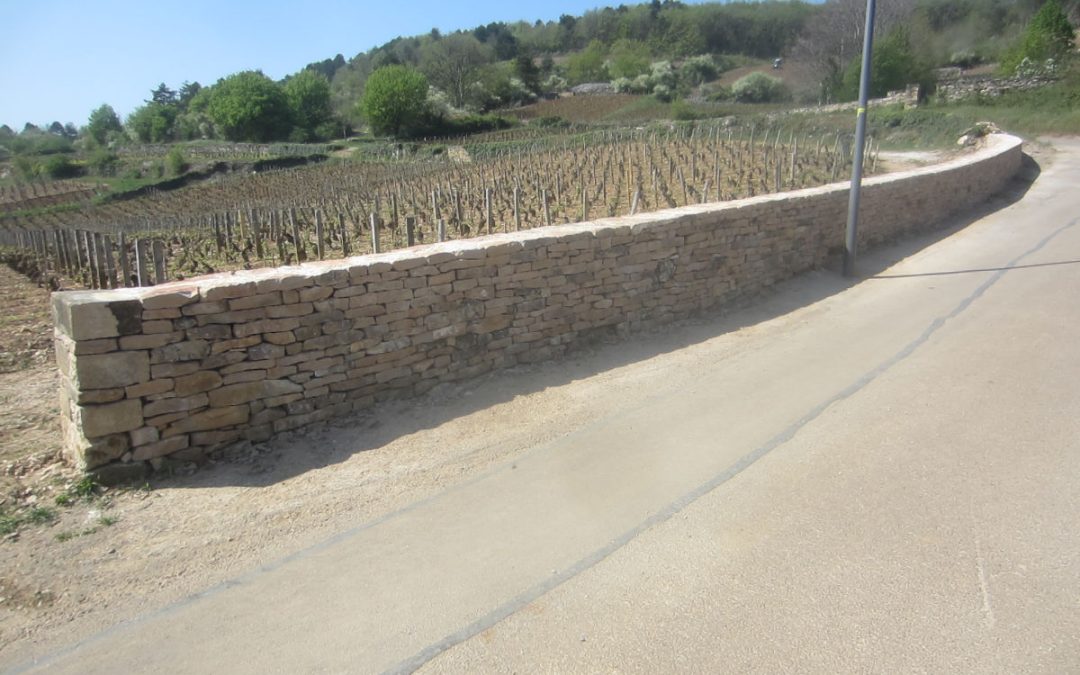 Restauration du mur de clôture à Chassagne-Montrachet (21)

* * *

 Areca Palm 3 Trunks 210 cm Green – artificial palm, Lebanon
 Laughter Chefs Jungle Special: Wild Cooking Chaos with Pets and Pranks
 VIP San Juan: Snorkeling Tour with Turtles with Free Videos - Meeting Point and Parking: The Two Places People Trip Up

---

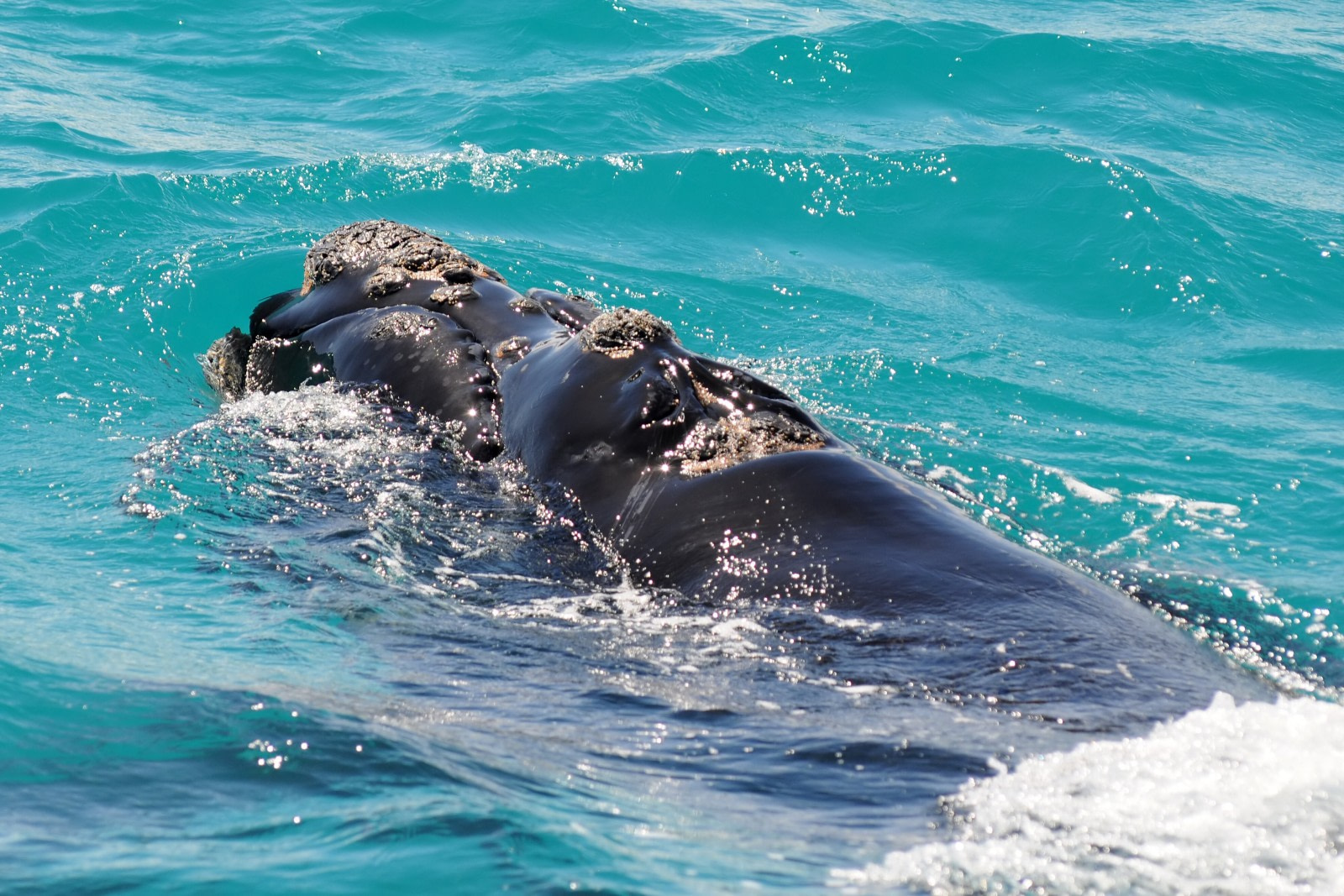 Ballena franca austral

- [Exercise prompt]: In which lines of the records does the word "with" appear? Copy each of them.

- [Solution below]:
 Laughter Chefs Jungle Special: Wild Cooking Chaos with Pets and Pranks
 VIP San Juan: Snorkeling Tour with Turtles with Free Videos - Meeting Point and Parking: The Two Places People Trip Up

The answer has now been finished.